When someone stops being “John, who happens to be an environmentalist” and starts being “The Environmentalist John”; or going from “Jane, who cares about tax reforms” [either conservative or progressive, it makes no difference in this scenario] and becomes “The Tax Reformer Jane.” When the issue being discussed takes precedent over the individual/s promoting it, that’s where I believe people’s judgments are liable to being skewed and easily misled due to an emotional investments in their favored cause. (Even if the cause itself remains a laudable effort.)

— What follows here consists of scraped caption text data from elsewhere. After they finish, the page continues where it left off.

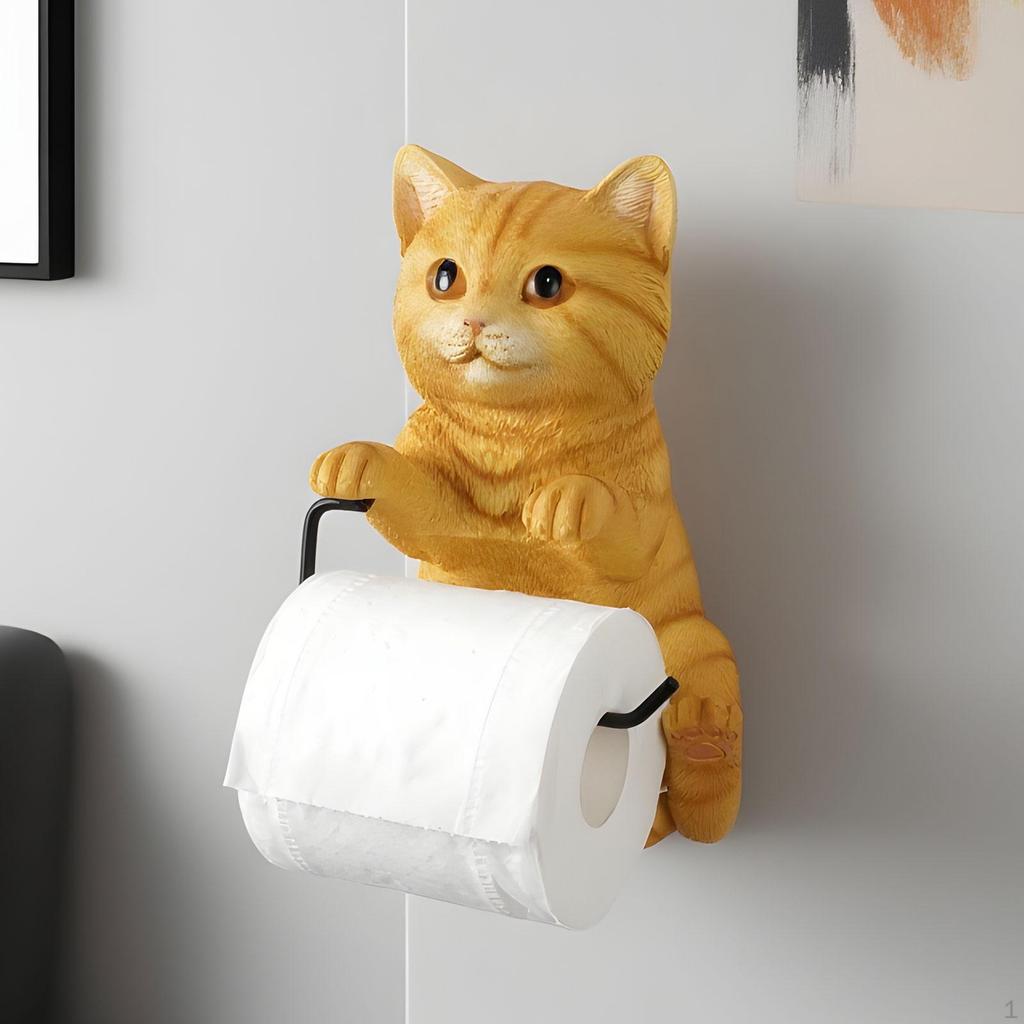 Cat Toilet Paper Roll Holder, Resin, Professional, Multifunctional Practical, Durability, Novelty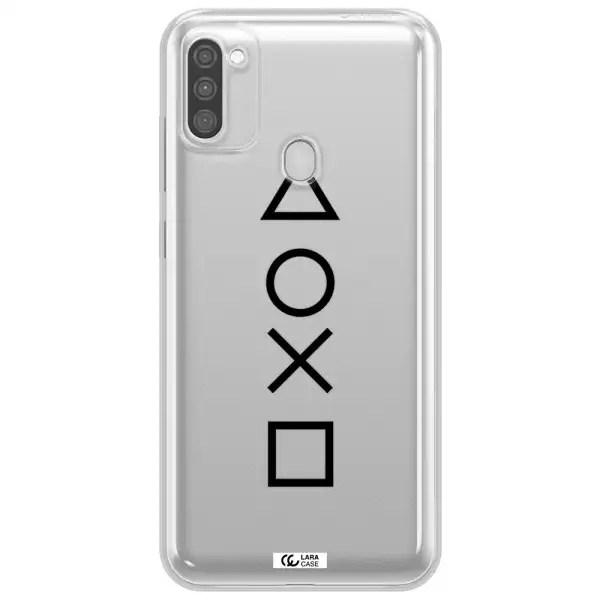 a black and white symbol Samsung M11 Clear TPU Case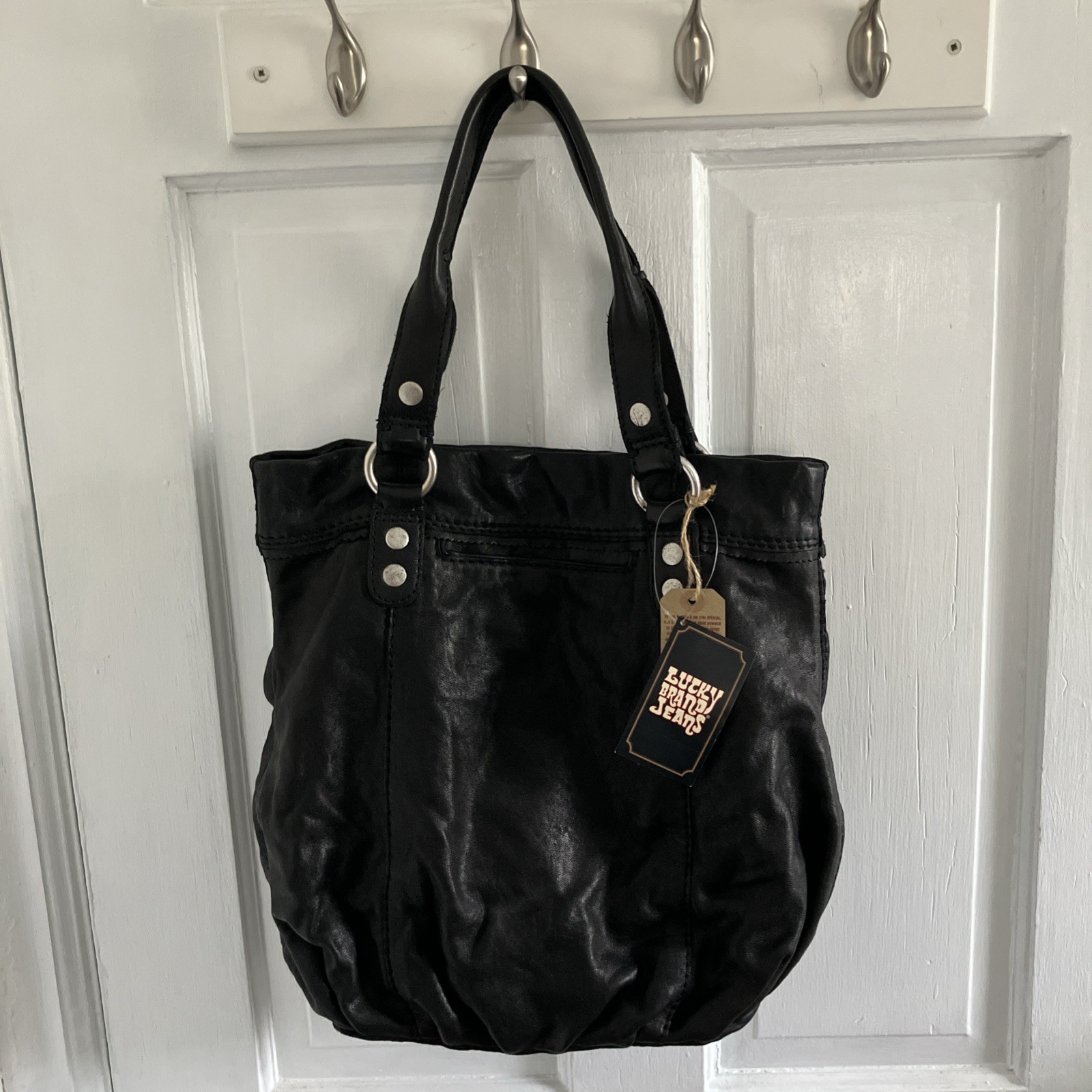 NWT Vintage Y2K Era Lucky Brand “Trippin Out” Black Leather Tote HKRUD910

One can look to the revolutionaries of the 19th and 20th Centuries, and deduce how the majority of average persons who made up the ranks of these movements were people who truly, genuinely, cared about promoting an issue, whose benignity they wholeheartedly believed in. Even the precursors to what would eventually become the Bolshevik faction did not begin under the assumption that it would institute a repressive regime as its end goal. It began as a movement looking to (in their eyes) elevate the dignity and ensure equal prosperity for the hitherto oppressed segments of society in Imperial Russia. However, somewhere along the way, for the people driving and participating in the cause, it seized being about addressing the legitimate issues of the cause, and more about upholding the perceived righteousness of the movement inspired by the cause. This happens when the advocacy of a particular topic stops being just one attribute (amongst many) of a person, and becomes an extension of the individual her/himself–the individual identity gets sacrificed for the benefit of a greater Identity Movement, where identifying with a cause serves as the primary function of the cause itself.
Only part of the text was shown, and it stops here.